Thexton explained that the waiver of attendance application is required by the Kansas State Department of Education because the district won’t fulfill the usual school term of 1,116 hours of education in the schools. The district was only open for 840 hours during the 2019-2020 school year and is requesting a waiver from the remaining 276 hours.
The district is required to send a copy of its continuous learning plan to the state.
“If we need to make adjustments, that is fine,” Thexton said. “This has been a process that we’re going through; we’re trying our best to make this as useful to families and as productive as possible. We’re trying to be flexible with families and support them as much as possible.”
Board members had questions about whether students’ social-emotional needs are also being met. That is also addressed in the continuous learning plan.

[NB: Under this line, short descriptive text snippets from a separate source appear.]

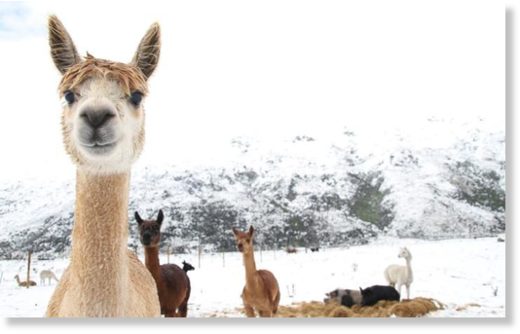 Alpacas in the snow in Kingston.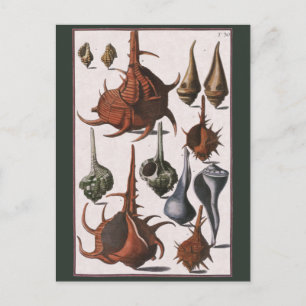 Vintage Seashells, Ocean Sea Shells Marine Life Postcard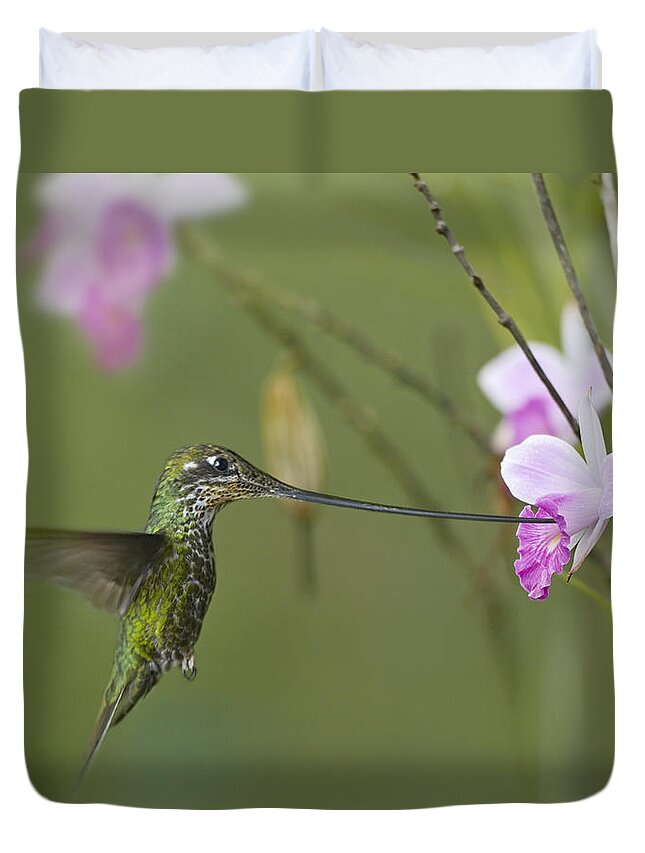 00486960 Duvet Cover featuring the photograph Sword Billed Hummingbird Feeding by Tim Fitzharris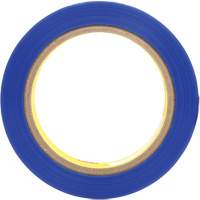 Ruban en polyester 8901, 25,4 mm (1") x 66 m (216'), Bleu R.M.G. Prévention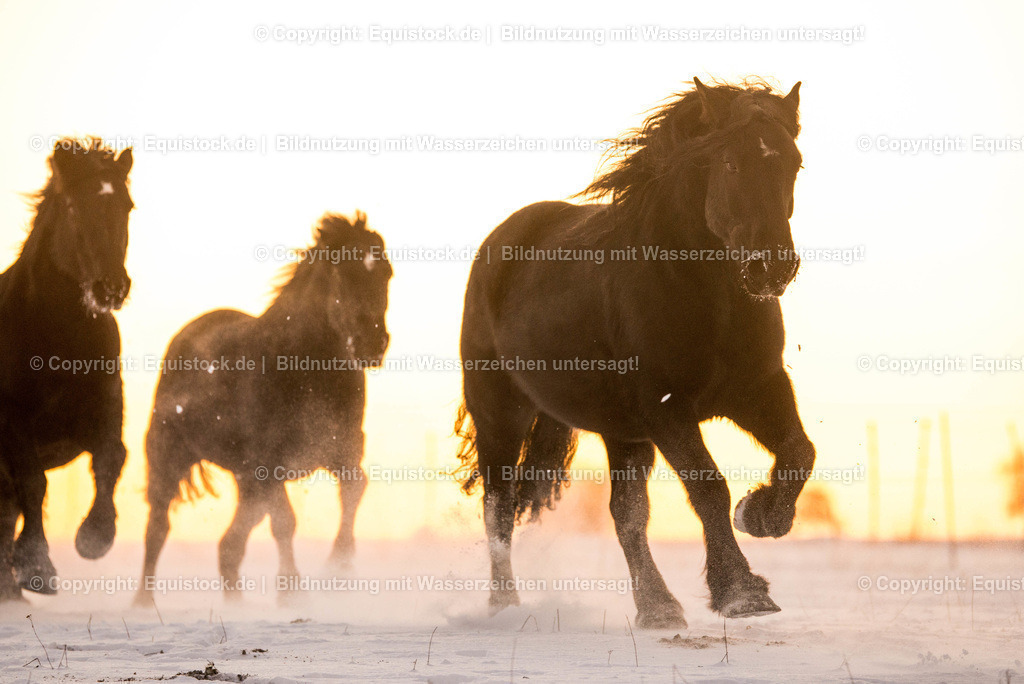 TS_20170106_Pferdeherde_im_Schnee_0008 | Foto: Thomas Hartig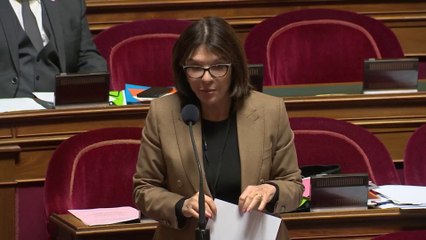 Budget de la Sécu : le Sénat renforce la lutte contre la fraude sociale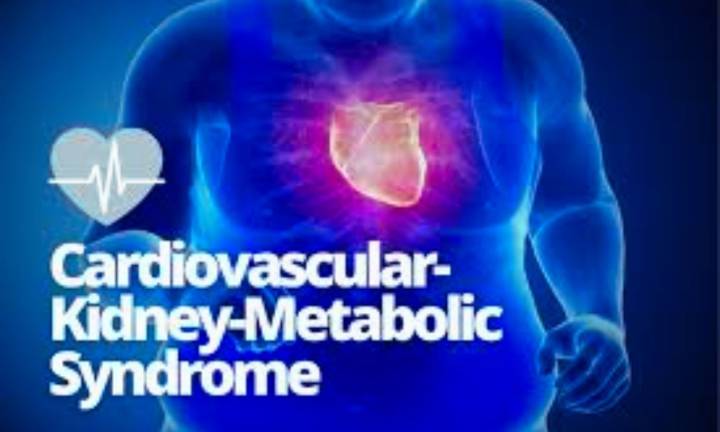 Childhood to Adulthood BMI Shift Linked to Midlife Cardiovascular, Kidney, and Metabolic Risks:...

“Are counselors reaching out?” board member Don Williams asked.
“Definitely,” Thexton said. “GBHS is easier because of email. We definitely have kids that are on the radar, even before this happened.” If necessary, the district will send people out to check on families. And, teachers are mindful that the lesson plans sent out may also be a source of stress.

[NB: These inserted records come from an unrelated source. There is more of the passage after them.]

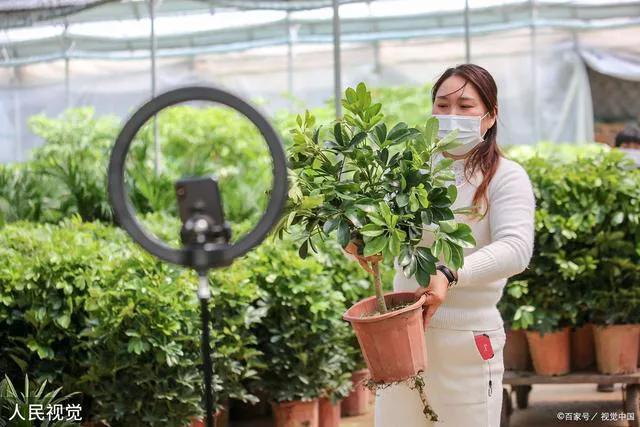 新手如何做直播带货中遇到的问题,新手直播带货如何做数据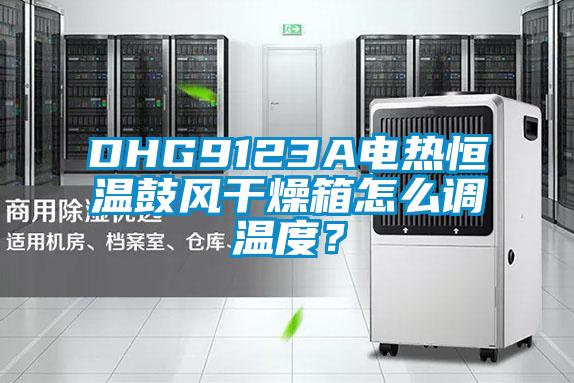 DHG9123A電熱恒溫鼓風干燥箱怎么調(diào)溫度？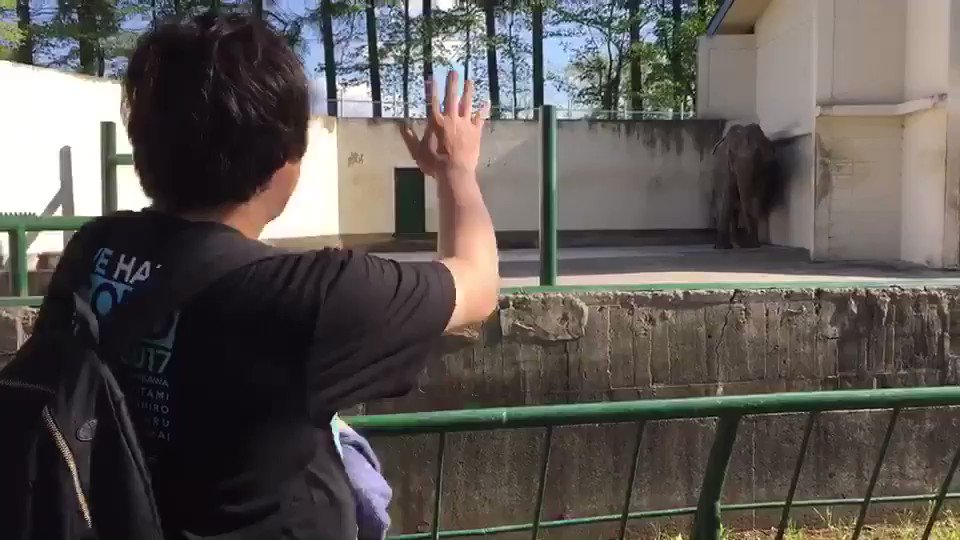 ゾウも煽れます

Assistant Superintendent John Popp said The Center for Counseling and Consultation is also working with USD 428 counselors. “It’s going to be a multi-team approach to make sure we are touching bases with these kids.”

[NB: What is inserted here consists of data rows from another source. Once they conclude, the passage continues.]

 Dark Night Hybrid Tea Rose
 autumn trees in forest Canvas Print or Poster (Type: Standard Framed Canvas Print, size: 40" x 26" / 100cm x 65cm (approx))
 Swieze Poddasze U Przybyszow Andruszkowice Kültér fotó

Board member Deanna Essmiller asked about social interaction. “Are any teachers doing a classroom Zoom (meeting) to their whole class?”
At GBHS, most teachers record classes and post them on video, Popp said. Students have a chance to log in and ask questions.
“My daughter had two whole class Zoom lessons,” he said. “They had a lot of fun just waving to each other.” He said the interaction is happening in different ways across the district.
This is the time of year when teachers often announce their resignations, effective at the end of the school year. The board accepted resignations from Deanna Curtis, teacher of special education at Lincoln Elementary School, and Tanner Dahlke, teacher of special education at Riley Elementary School.
The board also approved the appointment of Whitney Bowen, who will be a technology specialist at Riley Elementary School.